*Aim of the exercise*.
Reproduce, exactly and in full, only the lines below from the one containing "Una foto de" through the one containing "peachy_kiss Adlı Modelin Canlı XXX Sohbeti".

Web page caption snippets
▬▬▬▬▬▬

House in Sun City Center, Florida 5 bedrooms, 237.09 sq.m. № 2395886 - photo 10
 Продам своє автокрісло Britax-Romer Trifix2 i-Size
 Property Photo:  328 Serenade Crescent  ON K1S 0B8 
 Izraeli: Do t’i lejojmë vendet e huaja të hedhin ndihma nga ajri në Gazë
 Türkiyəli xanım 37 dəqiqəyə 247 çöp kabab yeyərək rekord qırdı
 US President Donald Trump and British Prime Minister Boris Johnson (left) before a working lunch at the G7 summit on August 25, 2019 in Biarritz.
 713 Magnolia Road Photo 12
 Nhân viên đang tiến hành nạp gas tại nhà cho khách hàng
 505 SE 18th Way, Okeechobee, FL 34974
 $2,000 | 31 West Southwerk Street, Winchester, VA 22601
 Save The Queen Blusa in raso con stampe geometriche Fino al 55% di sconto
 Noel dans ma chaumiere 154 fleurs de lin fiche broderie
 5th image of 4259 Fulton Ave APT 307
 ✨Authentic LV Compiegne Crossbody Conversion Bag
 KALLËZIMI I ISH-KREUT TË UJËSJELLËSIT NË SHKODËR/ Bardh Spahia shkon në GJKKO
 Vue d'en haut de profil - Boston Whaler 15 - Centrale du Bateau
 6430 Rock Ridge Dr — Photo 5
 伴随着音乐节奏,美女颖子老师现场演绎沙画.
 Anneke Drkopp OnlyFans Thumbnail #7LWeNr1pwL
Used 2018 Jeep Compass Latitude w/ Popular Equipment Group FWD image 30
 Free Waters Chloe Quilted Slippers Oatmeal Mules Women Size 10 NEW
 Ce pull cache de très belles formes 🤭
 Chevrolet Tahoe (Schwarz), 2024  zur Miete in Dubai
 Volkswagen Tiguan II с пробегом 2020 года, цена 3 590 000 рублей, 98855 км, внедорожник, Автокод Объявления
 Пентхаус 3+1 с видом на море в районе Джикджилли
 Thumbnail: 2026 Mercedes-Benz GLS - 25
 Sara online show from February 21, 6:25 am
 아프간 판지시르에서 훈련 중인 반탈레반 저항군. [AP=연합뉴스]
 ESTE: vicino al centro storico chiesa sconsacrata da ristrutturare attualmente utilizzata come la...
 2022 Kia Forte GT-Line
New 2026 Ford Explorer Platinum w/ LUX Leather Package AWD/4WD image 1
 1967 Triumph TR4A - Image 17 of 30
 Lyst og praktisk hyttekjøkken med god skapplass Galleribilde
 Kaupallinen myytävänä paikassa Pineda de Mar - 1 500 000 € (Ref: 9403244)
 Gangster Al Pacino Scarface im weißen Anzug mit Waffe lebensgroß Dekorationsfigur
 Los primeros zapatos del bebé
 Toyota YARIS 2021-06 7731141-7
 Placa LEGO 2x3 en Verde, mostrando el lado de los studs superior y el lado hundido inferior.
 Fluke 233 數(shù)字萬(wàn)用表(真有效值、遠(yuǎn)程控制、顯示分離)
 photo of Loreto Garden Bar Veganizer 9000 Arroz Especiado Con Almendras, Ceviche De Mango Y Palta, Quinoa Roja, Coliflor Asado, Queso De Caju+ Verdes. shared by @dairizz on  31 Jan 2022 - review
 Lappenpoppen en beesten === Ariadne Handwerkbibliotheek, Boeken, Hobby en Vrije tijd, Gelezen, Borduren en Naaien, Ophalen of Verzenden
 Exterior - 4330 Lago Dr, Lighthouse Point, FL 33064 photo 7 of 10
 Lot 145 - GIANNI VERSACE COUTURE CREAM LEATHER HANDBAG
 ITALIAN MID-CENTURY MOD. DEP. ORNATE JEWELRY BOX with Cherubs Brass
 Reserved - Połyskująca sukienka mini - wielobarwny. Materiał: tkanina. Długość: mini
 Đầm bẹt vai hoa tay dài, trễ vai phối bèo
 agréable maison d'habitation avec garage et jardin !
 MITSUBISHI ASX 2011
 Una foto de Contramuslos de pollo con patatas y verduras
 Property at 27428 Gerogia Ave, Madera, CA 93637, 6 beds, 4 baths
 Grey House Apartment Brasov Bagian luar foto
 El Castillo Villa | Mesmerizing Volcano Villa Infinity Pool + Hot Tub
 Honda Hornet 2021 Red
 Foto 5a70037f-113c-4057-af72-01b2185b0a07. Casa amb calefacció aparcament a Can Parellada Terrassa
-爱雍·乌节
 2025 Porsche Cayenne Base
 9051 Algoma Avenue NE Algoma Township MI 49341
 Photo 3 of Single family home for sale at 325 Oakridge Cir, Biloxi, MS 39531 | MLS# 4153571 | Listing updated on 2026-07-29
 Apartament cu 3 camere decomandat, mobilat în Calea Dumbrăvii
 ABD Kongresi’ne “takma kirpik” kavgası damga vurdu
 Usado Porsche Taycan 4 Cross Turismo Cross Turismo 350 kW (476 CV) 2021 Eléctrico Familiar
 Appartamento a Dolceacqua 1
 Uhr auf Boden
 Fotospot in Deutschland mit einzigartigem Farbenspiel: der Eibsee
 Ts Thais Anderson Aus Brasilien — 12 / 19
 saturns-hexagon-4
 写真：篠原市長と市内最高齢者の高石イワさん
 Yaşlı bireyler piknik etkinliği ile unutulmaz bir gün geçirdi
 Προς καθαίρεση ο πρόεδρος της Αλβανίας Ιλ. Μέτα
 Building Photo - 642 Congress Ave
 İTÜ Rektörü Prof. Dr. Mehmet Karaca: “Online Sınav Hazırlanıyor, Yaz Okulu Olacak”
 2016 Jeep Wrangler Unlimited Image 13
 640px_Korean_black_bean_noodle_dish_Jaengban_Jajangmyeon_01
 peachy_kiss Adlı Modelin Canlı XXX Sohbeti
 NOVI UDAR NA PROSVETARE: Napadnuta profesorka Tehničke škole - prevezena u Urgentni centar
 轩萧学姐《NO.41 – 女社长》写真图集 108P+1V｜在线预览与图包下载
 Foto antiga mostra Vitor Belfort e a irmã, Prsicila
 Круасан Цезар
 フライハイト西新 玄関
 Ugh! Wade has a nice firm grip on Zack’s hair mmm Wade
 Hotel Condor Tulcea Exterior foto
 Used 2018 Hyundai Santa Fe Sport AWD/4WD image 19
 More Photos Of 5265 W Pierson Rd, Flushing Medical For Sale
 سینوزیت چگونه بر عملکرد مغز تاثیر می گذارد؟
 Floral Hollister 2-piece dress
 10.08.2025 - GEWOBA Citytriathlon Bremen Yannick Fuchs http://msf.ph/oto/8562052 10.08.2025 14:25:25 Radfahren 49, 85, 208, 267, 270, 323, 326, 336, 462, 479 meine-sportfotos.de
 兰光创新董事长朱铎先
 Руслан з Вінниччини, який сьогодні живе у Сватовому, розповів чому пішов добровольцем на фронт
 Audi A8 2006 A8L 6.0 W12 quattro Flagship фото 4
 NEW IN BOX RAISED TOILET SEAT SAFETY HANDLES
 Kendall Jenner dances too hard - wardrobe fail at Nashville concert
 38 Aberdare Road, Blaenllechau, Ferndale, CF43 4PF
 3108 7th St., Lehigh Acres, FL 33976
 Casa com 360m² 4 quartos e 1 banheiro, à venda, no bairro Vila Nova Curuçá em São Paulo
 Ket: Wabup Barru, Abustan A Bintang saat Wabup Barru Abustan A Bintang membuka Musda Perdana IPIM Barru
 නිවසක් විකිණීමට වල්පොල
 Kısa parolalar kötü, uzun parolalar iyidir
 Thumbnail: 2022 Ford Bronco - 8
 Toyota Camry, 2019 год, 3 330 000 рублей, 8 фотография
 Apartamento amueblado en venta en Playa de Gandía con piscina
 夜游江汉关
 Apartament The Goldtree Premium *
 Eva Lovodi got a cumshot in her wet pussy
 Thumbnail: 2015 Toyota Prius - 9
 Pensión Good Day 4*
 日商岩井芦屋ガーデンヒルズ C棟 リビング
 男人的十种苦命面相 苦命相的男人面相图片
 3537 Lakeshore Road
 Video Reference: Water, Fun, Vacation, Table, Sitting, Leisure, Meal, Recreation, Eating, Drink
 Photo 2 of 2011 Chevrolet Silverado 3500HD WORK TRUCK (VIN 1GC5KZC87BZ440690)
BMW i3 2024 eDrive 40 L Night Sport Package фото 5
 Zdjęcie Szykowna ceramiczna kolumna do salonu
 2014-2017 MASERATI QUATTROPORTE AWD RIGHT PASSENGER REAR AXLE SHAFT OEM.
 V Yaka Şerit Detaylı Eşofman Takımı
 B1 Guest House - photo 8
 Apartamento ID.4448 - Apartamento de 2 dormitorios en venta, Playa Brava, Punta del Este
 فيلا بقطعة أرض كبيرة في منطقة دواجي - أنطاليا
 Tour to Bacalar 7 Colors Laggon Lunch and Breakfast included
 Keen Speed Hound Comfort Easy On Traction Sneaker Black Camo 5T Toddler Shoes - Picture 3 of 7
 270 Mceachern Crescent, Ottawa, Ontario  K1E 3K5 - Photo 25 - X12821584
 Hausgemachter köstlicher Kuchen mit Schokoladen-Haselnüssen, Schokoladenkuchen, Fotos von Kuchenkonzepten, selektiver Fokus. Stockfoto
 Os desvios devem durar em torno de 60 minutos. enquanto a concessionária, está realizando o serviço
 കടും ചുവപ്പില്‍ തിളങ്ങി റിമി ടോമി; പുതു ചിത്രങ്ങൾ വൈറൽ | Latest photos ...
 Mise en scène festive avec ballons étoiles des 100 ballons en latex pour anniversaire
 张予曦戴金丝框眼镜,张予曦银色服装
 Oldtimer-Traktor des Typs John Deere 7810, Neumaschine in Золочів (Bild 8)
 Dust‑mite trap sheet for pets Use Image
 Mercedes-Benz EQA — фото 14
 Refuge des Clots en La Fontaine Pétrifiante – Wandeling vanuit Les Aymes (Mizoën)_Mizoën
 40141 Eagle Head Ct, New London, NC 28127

▬▬▬▬▬▬

*Answer to the exercise*.
 Una foto de Contramuslos de pollo con patatas y verduras
 Property at 27428 Gerogia Ave, Madera, CA 93637, 6 beds, 4 baths
 Grey House Apartment Brasov Bagian luar foto
 El Castillo Villa | Mesmerizing Volcano Villa Infinity Pool + Hot Tub
 Honda Hornet 2021 Red
 Foto 5a70037f-113c-4057-af72-01b2185b0a07. Casa amb calefacció aparcament a Can Parellada Terrassa
-爱雍·乌节
 2025 Porsche Cayenne Base
 9051 Algoma Avenue NE Algoma Township MI 49341
 Photo 3 of Single family home for sale at 325 Oakridge Cir, Biloxi, MS 39531 | MLS# 4153571 | Listing updated on 2026-07-29
 Apartament cu 3 camere decomandat, mobilat în Calea Dumbrăvii
 ABD Kongresi’ne “takma kirpik” kavgası damga vurdu
 Usado Porsche Taycan 4 Cross Turismo Cross Turismo 350 kW (476 CV) 2021 Eléctrico Familiar
 Appartamento a Dolceacqua 1
 Uhr auf Boden
 Fotospot in Deutschland mit einzigartigem Farbenspiel: der Eibsee
 Ts Thais Anderson Aus Brasilien — 12 / 19
 saturns-hexagon-4
 写真：篠原市長と市内最高齢者の高石イワさん
 Yaşlı bireyler piknik etkinliği ile unutulmaz bir gün geçirdi
 Προς καθαίρεση ο πρόεδρος της Αλβανίας Ιλ. Μέτα
 Building Photo - 642 Congress Ave
 İTÜ Rektörü Prof. Dr. Mehmet Karaca: “Online Sınav Hazırlanıyor, Yaz Okulu Olacak”
 2016 Jeep Wrangler Unlimited Image 13
 640px_Korean_black_bean_noodle_dish_Jaengban_Jajangmyeon_01
 peachy_kiss Adlı Modelin Canlı XXX Sohbeti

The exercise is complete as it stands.